L’infinie stupidité des masses me rend indulgent pour les individualités, si odieuses qu’elles puissent être. Je viens d’avaler les six premiers volumes de Buchez et Roux. Ce que j’en ai tiré de plus clair, c’est un immense dégoût à l’encontre des français. N… de D… ! A-t-on été inepte de tout temps dans notre belle patrie ! Pas une idée libérale qui n’ait été impopulaire, pas une chose juste qui n’ait scandalisé, pas un grand homme qui n’ait reçu des pommes cuites ou des coups de couteau !! « Histoire de l’esprit humain, histoire de la sottise humaine ! », comme dit M. de Voltaire.

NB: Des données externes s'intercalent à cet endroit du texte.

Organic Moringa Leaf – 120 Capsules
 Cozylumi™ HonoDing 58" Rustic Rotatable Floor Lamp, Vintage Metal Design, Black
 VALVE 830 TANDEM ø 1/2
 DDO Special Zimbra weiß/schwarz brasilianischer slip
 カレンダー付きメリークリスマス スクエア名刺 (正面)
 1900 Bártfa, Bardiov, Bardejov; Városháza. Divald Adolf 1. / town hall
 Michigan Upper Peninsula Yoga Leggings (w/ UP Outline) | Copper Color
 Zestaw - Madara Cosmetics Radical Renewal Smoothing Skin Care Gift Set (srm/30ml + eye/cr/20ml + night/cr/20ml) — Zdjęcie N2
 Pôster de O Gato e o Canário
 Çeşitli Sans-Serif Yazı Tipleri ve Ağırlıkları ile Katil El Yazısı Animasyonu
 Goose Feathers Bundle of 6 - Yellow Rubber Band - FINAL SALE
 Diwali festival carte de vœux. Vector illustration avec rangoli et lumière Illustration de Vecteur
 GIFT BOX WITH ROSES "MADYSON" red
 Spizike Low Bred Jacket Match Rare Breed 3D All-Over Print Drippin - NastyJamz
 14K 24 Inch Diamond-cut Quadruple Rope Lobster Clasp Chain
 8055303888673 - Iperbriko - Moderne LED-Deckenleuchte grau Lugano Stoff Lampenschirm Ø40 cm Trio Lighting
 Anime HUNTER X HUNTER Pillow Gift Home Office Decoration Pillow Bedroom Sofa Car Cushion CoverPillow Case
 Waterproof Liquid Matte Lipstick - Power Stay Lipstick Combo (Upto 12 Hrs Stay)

Et je me convaincs de plus en plus de cette vérité : la doctrine de la Grâce nous a si bien pénétrés que le sens de la Justice a disparu. Ce qui m’avait effrayé, dans l’histoire de 48, a ses origines toutes naturelles dans la Révolution, qui ne s’est pas dégagée du moyen âge, quoi qu’on dise. J’ai retrouvé dans Marat des fragments entiers de Proudhon et je parie qu’on les retrouverait dans les prédicateurs de la Ligue.

Quelle est la mesure que les plus avancés proposèrent après Varennes ? La dictature, et la dictature militaire ! On ferme les églises, mais on élève des temples, etc.

Je vous assure que je deviens stupide avec la Révolution. C’est un gouffre qui m’attire.

Cependant je travaille à mon roman comme plusieurs bœufs. J’espère, au jour de l’an, n’avoir plus que cent pages à écrire, c’est-à-dire encore six bons mois de travail. J’irai à Paris le plus tard possible. Mon hiver va se passer dans une solitude complète, bon moyen de faire écouler la vie rapidement.